Y en verdad, la apuesta -si apuesta hubo y no se jugaba con cartas marcadas desde la primera mano- era arriesgada, y los modos, insólitos. La diplomacia suele trabajar pasito a paso y a la chita callando, sin anunciar desde el comienzo los objetivos últimos ni los medios para conseguirlos. El presidente español parecía, sin embargo, tan seguro de ganar el envite que gastó toda la munición en la primera andanada. ¿Era porque tenía ya en el bolsillo un pacto en relación con las dos sillas que, por el azar de la presidencia europea, correspondían al presidente francés? Si fue así, y partiendo del supuesto de que los Estados carecen de sentimientos y sólo saben de intereses, ¿cuál fue la contrapartida? ¿O quizá la histórica racanería francesa se ha transmutado por arte de birlibirloque en desbordante generosidad?

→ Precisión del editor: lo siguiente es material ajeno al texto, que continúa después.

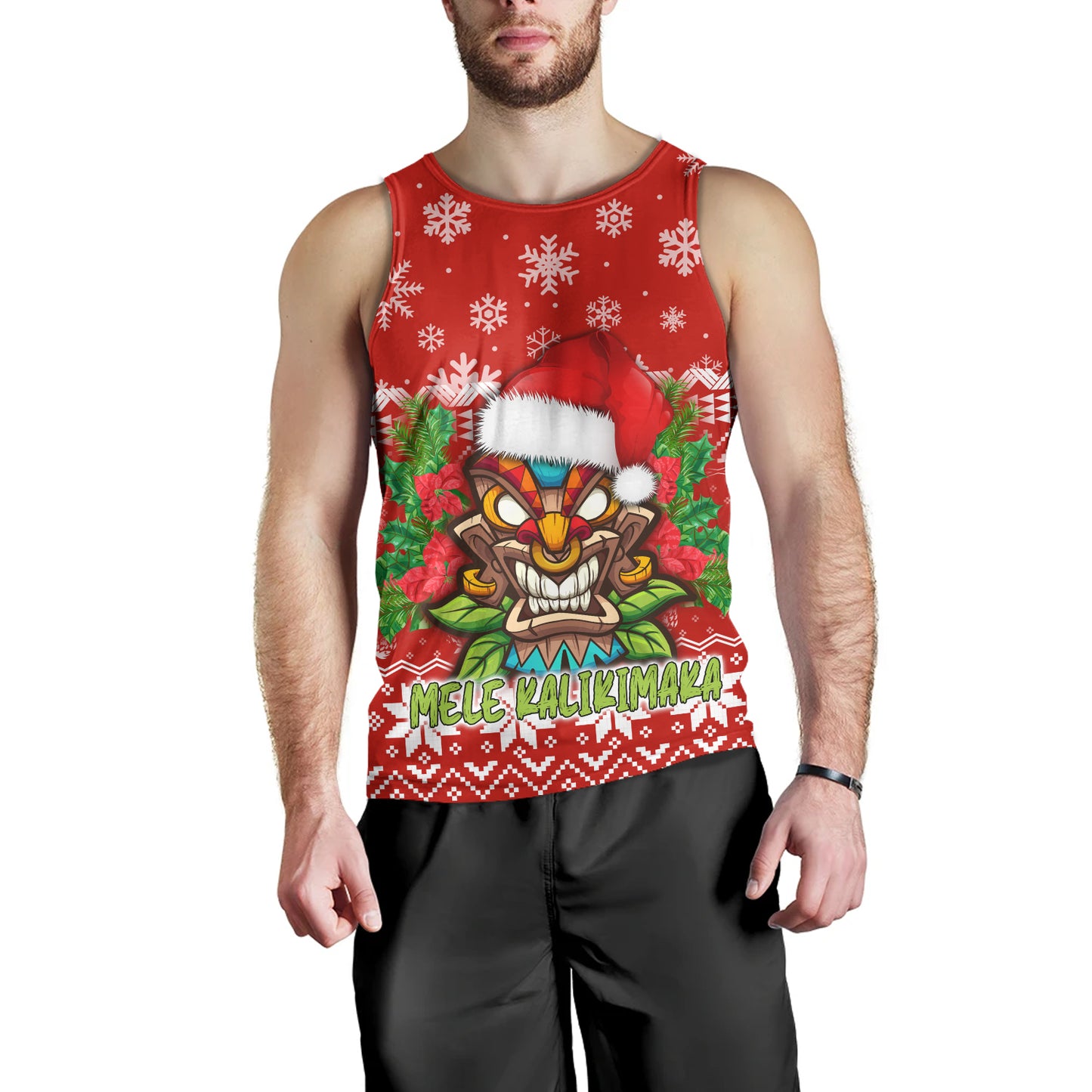 Hawaii Tank Top Christmas Tiki Polynesian Pattern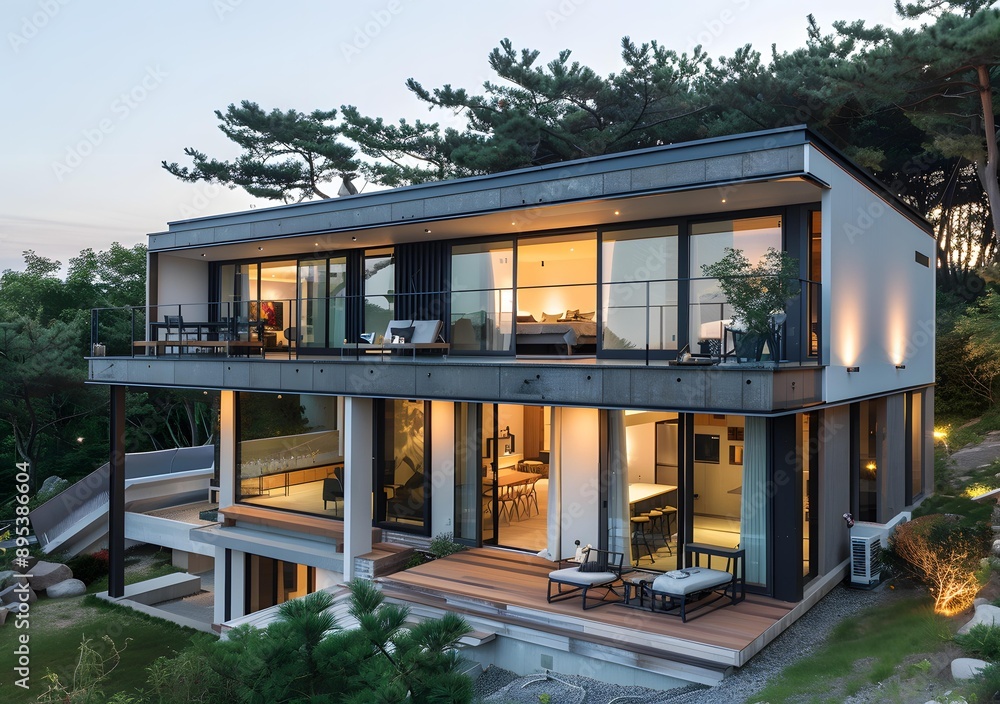 Modern House Design With Large Windows and Wooden Deck Modern House Design With Large Windows and Wooden Deck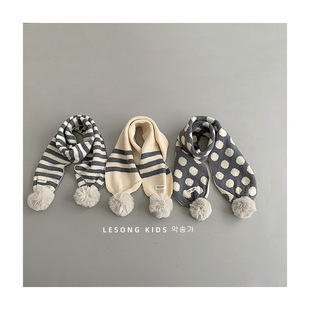 South Korea Ins Style Children's Autumn and Winter Wool Knitted Scarf Grey Girls' Western Style Wool Ball Warm-Keeping Scarf for Men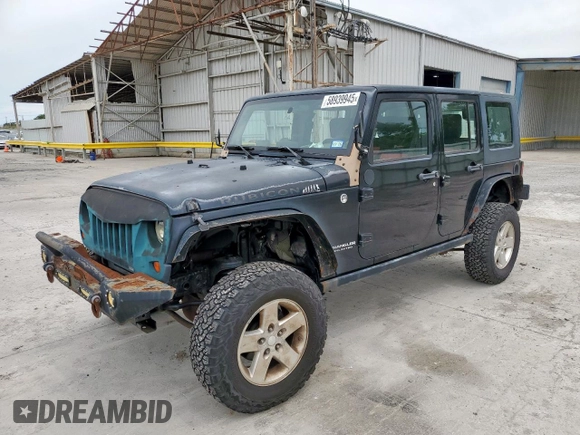 2008 Jeep Wrangler Unlimited Rubicon z VIN 1J4GA69128L529271, wystawiony jako Copart lot #58939945 z przebiegiem 94 503 mil mil oraz Szkoda całkowita • Salvage title. Historia ofert i sprzedaży dostępna na DreamBid. Obrazek 1.
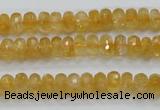 CCR08 15.5 inches 5*8mm faceted rondelle natural citrine gemstone beads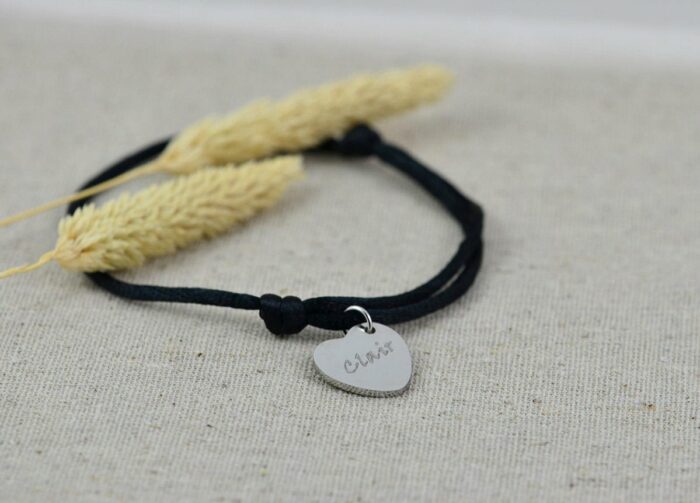 Engraved Silver Heart Bracelet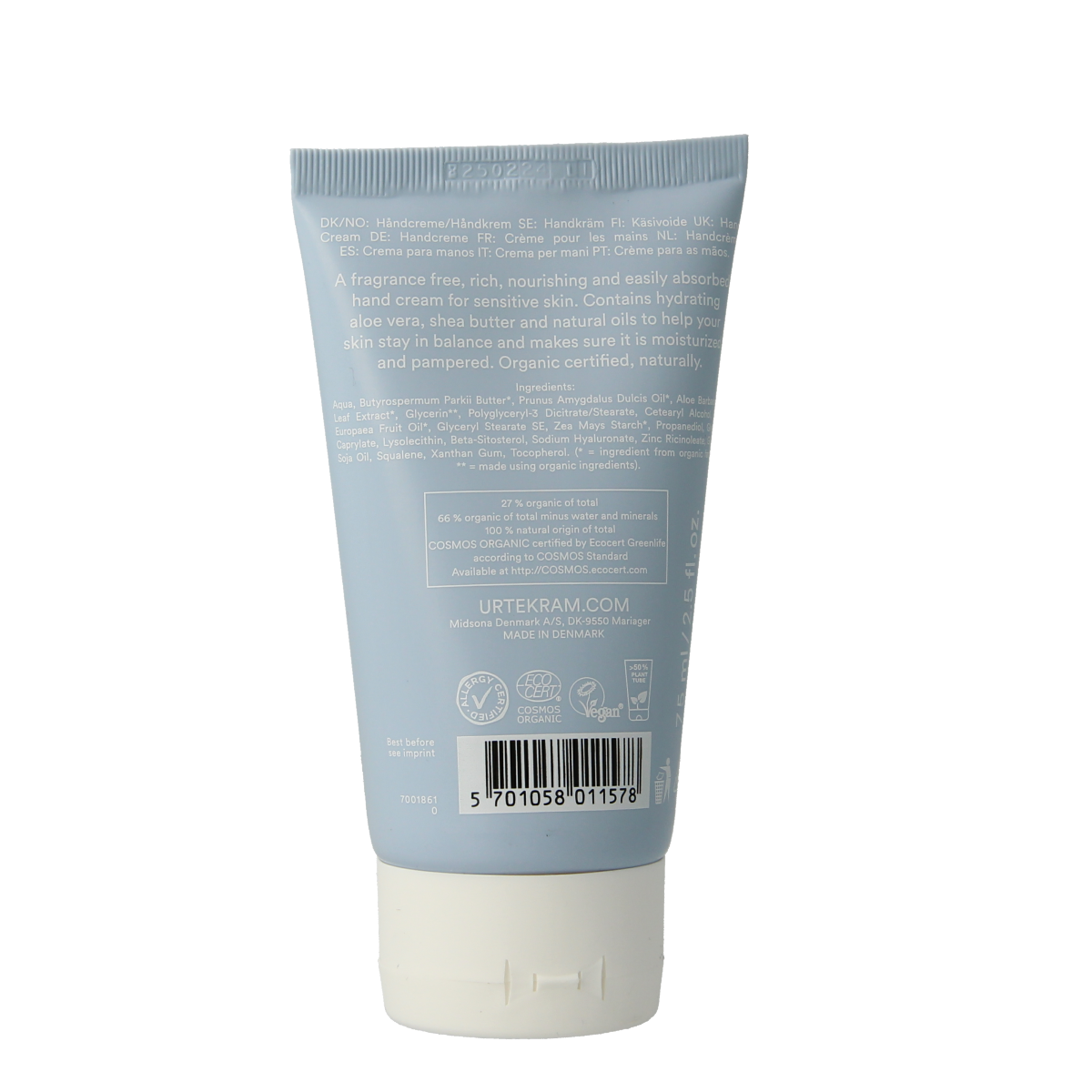 Urtekram Find Balance handcream for sensitive skin in a 75ml tube, nourishing and soothing for dry hands.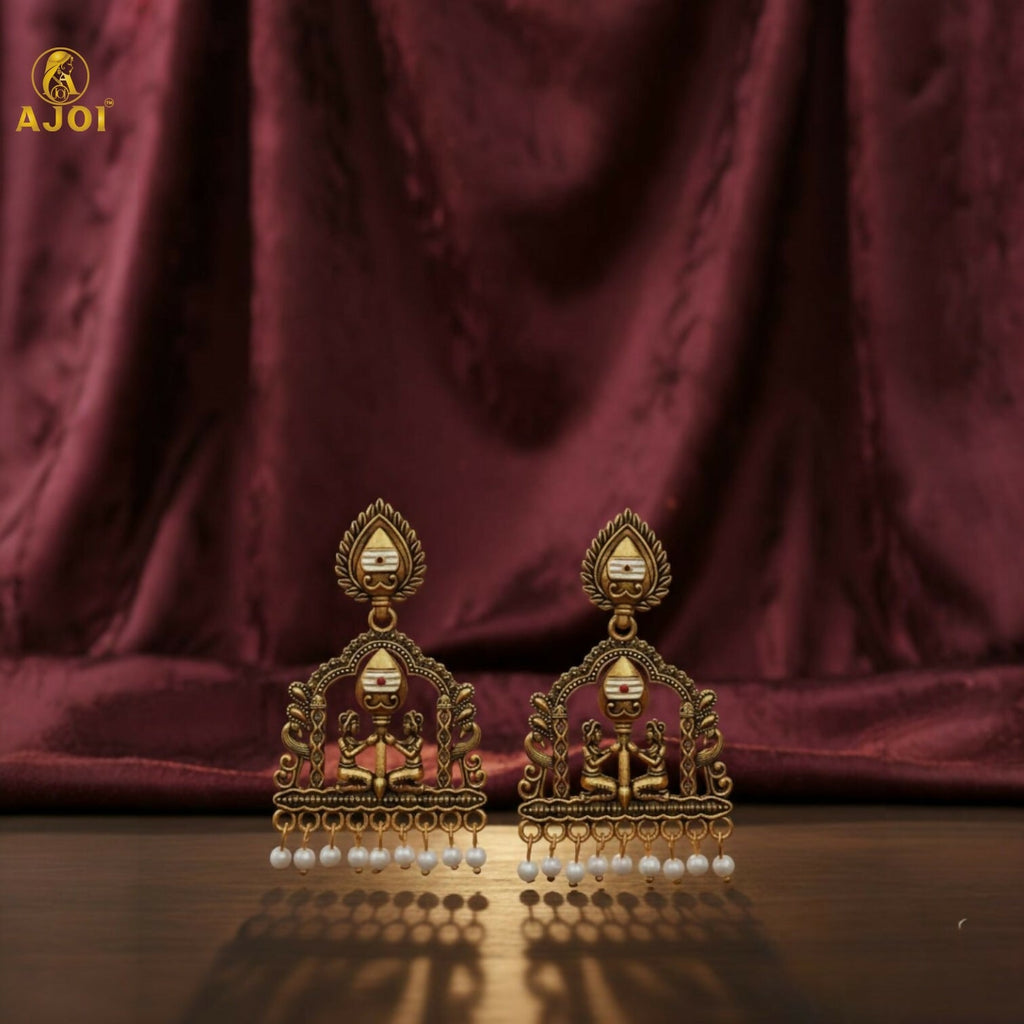 Gold-Tone Temple Jhumka Earrings with Pearl Danglers – Elegant Ethnic Design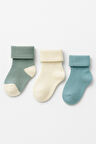 Bebek 3'lü Havlu Soket Çorap Mint-Ekru-Yeşil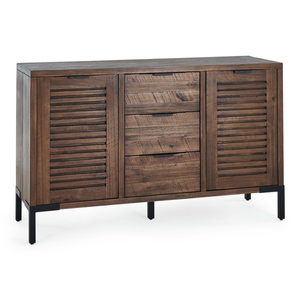 Detroit Solid Hardwood and Metal Large Sideboard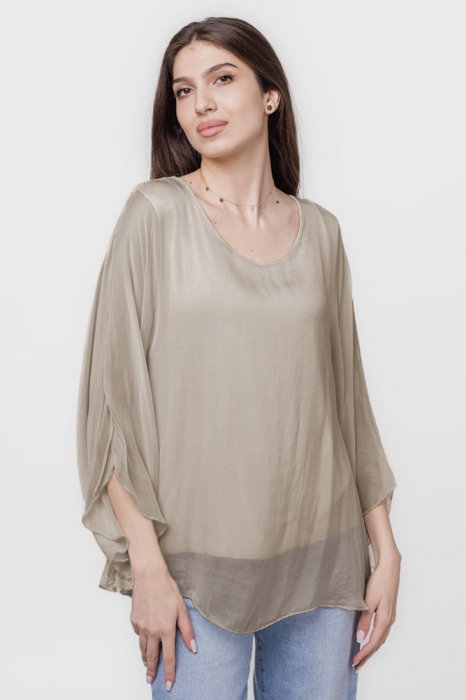 Bluză Matase Shopika cu Mânecă Clopot - Elegantă și Confortabilă
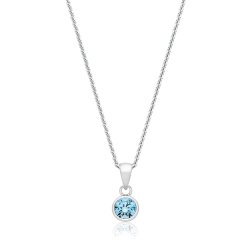 Silver & Co March Birth Stone (aquamarine) Pendant SPG0103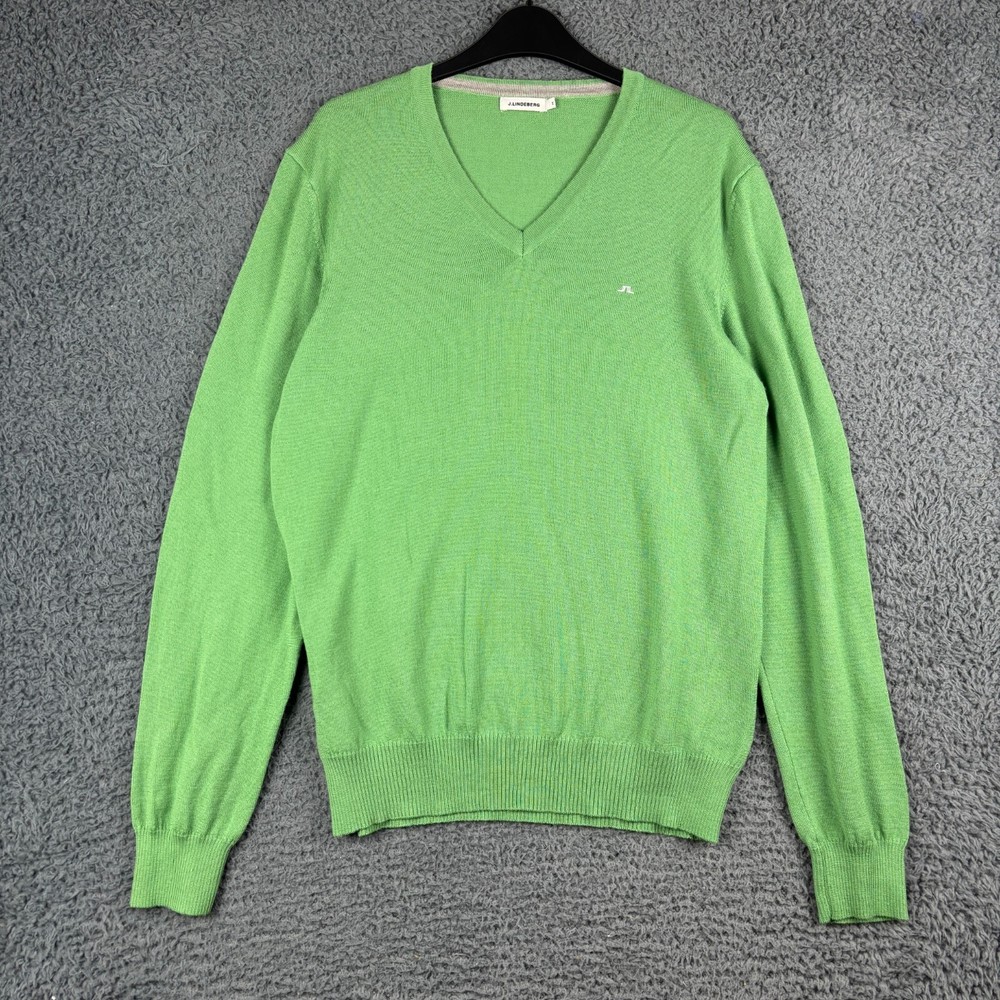 J Lindeberg Jumper Mens Medium Green V Neck 100% Merino Wool Knit Pullover Golf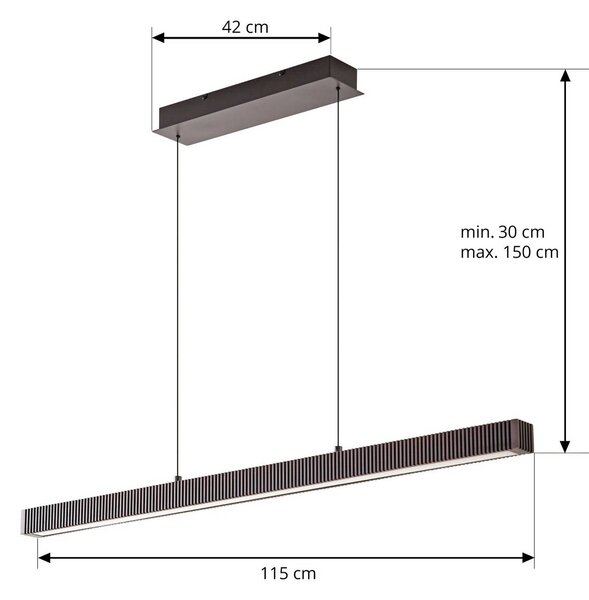 Lampa wisząca Emara Lucande, możliwość ściemniania, ciemne drewno, salon / jadalnia, drewno, design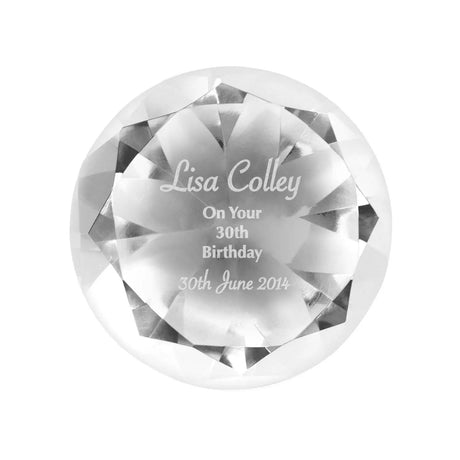 Personalised Diamond Engraved Paperweight: 3 - Paperweights By Gift Moments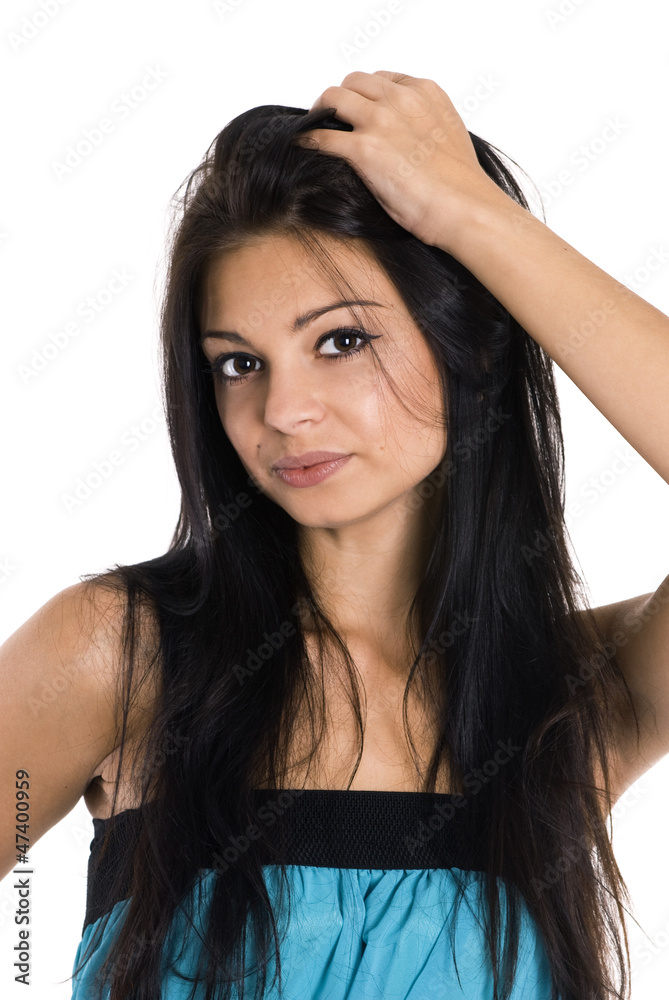 Young happy attractive girl posing in studio . Young happy attractive girl posing in studio .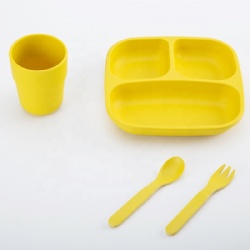 Biodegradable bamboo fiber tableware plate for kids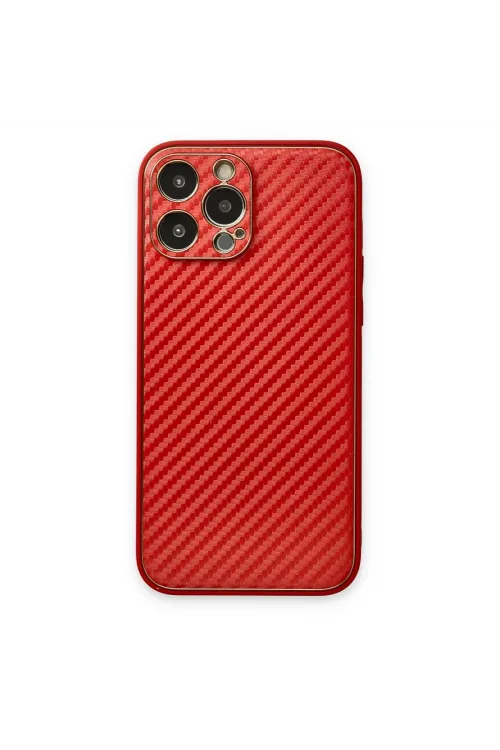 Apple İphone 13 Pro Max Kılıf Coco Karbon Silikon - Kırmızı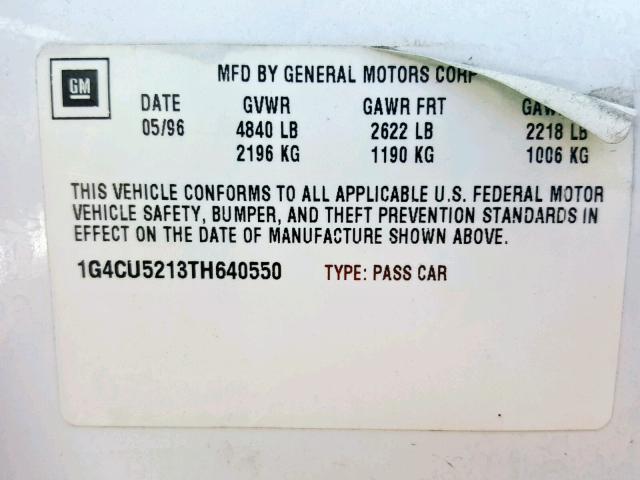 1G4CU5213TH640550 - 1996 BUICK PARK AVENU WHITE photo 10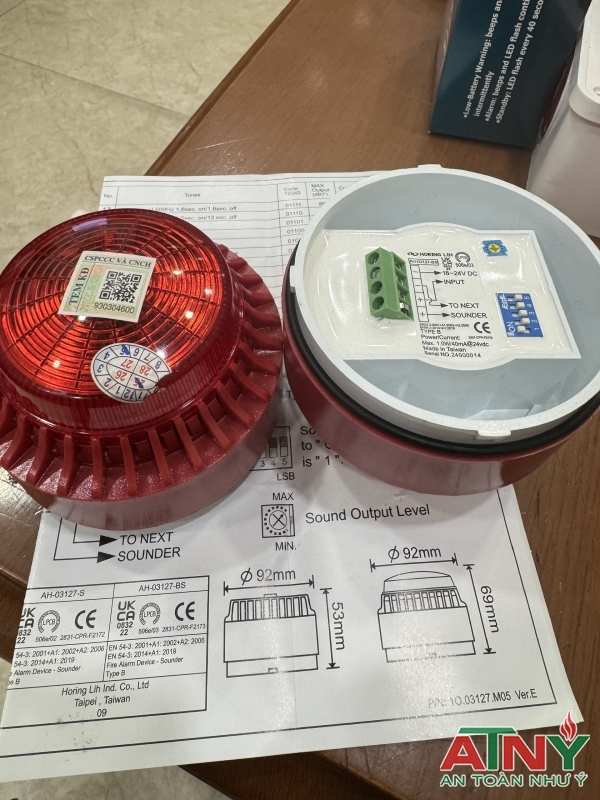 Còi đèn báo cháy Horing AH-03127-BS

Sea lo que fuere, es lo cierto que el Reino de España ocupa en la cumbre de este G-20+1 una silla cedida por la República Francesa, lo cual no es ninguna novedad en las relaciones entre los dos vecinos, vinculados desde tiempos inmemoriales por una relación de amor / odio que casi llevamos inscrita en nuestro código genético. En política internacional, nada hay más al gusto francés que cumplir de vez en cuando el papel de ángel tutelar de la diplomacia española. Sin necesidad de remontar la mirada a nuestras guerras africanas, tal pretendió Giscard d'Estaing con la recién nacida democracia española y tal quiso repetir François Mitterrand con el entonces joven, y novato en aquellas lides, Felipe González.
Fue sin embargo González -probable-mente el político español del siglo XX mejor dotado para moverse por el mundo- quien dio un vuelco a aquella relación, acercándose a Alemania en una muy sonora iniciativa y reforzando la relación con Estados Unidos en un plano muy diferente del consolidado por la diplomacia franquista. No agravió al gigante americano, estableció una relación especial con el socio alemán, sin olvidar a la señora Thatcher en su isla, y obligó así a la gran République a mirar hacia el sur con otros ojos, muy lejos ya de la tradicional tutela, poniendo en su lugar una nueva relación de buena vecindad. Detrás quedaban los sinsabores de la pause impuesta por Giscard y del santuario de ETA mantenido durante unos años por Mitterrand en suelo francés.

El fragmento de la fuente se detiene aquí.